══ TASK MATERIAL ══

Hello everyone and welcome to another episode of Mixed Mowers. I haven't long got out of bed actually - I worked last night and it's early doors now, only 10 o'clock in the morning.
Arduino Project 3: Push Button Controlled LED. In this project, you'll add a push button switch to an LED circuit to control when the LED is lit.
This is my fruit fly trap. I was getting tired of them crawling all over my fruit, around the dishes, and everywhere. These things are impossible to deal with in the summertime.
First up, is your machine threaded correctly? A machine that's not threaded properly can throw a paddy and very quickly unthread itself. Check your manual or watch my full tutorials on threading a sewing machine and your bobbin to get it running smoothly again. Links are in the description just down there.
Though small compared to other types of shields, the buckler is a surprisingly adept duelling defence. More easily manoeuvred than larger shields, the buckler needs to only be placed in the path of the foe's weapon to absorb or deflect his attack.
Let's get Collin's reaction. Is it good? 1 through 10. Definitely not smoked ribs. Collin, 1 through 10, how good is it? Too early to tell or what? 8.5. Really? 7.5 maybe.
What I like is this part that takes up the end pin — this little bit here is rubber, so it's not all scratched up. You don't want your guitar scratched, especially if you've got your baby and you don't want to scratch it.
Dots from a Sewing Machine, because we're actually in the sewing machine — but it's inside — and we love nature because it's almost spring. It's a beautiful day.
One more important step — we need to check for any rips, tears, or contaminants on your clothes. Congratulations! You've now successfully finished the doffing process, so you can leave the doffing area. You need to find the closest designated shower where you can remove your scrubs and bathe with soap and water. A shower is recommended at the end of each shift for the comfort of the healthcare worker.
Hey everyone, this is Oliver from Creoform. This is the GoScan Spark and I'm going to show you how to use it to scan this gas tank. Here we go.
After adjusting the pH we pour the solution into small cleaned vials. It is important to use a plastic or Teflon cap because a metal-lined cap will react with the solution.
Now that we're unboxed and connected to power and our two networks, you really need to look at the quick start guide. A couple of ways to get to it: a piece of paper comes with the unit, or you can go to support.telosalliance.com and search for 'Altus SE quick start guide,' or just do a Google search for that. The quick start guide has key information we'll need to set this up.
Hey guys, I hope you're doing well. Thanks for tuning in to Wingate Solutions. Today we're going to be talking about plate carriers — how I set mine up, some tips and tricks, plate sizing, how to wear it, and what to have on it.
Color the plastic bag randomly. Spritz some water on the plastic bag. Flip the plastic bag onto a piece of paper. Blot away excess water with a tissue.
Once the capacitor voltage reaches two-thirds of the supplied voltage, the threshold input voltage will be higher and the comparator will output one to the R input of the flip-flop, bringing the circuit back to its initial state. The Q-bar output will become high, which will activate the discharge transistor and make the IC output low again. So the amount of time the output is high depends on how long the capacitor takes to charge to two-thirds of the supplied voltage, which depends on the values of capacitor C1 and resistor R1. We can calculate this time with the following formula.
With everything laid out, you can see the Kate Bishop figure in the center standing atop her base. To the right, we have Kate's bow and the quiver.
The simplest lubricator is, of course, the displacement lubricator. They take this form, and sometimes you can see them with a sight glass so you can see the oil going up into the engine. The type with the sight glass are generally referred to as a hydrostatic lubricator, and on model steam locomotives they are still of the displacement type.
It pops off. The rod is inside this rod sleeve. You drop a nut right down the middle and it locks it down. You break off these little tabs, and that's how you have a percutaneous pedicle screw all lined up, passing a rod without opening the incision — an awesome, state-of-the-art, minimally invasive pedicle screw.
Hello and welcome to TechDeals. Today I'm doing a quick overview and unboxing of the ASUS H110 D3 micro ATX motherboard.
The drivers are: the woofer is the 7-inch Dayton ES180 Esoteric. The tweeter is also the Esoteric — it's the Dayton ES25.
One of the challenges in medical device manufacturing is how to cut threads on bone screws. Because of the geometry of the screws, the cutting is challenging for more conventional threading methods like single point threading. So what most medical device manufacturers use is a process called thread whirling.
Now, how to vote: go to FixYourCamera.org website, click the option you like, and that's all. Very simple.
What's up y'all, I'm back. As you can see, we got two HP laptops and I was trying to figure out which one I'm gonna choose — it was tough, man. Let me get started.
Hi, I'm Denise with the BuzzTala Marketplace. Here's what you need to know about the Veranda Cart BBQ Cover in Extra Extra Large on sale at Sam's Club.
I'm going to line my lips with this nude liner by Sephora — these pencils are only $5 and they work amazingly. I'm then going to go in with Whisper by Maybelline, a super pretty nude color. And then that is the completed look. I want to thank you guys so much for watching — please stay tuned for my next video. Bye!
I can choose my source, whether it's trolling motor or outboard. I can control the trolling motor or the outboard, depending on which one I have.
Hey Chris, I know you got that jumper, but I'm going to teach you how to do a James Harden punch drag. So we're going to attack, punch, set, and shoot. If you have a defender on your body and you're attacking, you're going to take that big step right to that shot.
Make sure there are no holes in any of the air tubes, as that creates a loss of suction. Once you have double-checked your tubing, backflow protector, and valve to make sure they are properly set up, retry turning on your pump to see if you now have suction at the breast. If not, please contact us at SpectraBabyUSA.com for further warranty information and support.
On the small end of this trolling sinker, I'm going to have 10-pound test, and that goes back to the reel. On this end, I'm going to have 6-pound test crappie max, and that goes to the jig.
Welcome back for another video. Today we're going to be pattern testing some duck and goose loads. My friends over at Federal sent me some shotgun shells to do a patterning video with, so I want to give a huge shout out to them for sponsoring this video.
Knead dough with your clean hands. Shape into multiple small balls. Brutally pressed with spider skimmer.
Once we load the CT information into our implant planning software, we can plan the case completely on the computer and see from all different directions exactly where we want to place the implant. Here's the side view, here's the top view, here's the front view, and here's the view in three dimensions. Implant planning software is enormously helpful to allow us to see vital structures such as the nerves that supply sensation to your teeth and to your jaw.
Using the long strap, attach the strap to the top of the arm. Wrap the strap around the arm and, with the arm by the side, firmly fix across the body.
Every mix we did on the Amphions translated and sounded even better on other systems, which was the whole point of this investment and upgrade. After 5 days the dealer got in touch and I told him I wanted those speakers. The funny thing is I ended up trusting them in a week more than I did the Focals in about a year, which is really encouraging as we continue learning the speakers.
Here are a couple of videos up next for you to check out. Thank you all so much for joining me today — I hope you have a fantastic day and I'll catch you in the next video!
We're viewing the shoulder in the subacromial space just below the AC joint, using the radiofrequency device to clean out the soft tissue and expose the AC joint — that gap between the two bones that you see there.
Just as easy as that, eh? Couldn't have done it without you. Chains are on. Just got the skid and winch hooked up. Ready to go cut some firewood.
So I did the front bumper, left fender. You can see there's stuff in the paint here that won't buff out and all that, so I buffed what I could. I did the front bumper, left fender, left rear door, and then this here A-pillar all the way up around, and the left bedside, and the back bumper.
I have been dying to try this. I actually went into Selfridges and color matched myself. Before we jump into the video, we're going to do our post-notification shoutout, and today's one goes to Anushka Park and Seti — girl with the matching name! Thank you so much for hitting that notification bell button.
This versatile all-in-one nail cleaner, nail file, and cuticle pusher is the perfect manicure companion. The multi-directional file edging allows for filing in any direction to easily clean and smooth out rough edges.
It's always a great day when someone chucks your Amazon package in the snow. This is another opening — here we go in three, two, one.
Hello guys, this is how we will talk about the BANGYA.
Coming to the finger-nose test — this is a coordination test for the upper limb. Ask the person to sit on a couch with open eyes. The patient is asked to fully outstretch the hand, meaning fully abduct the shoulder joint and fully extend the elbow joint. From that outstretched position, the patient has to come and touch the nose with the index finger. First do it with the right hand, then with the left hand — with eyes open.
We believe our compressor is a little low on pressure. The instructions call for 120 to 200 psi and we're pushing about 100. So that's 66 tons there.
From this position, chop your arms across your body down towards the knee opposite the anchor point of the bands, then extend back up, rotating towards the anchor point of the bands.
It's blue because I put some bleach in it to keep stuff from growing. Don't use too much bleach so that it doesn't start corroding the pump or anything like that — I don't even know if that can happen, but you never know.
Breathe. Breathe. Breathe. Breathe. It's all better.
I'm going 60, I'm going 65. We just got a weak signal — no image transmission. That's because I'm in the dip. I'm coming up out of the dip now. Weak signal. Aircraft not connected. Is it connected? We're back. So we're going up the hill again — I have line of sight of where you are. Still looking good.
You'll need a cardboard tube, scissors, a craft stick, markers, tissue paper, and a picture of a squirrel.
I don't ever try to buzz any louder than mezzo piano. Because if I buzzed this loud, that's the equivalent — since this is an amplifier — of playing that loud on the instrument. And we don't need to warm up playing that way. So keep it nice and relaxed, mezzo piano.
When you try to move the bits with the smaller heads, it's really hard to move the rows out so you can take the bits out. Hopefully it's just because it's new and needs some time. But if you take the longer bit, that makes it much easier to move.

═══

■ WHAT THE TASK REQUIRES
Give solely the number of lines in the data that contain the string "early".

■ RESULT OF THE EXERCISE
2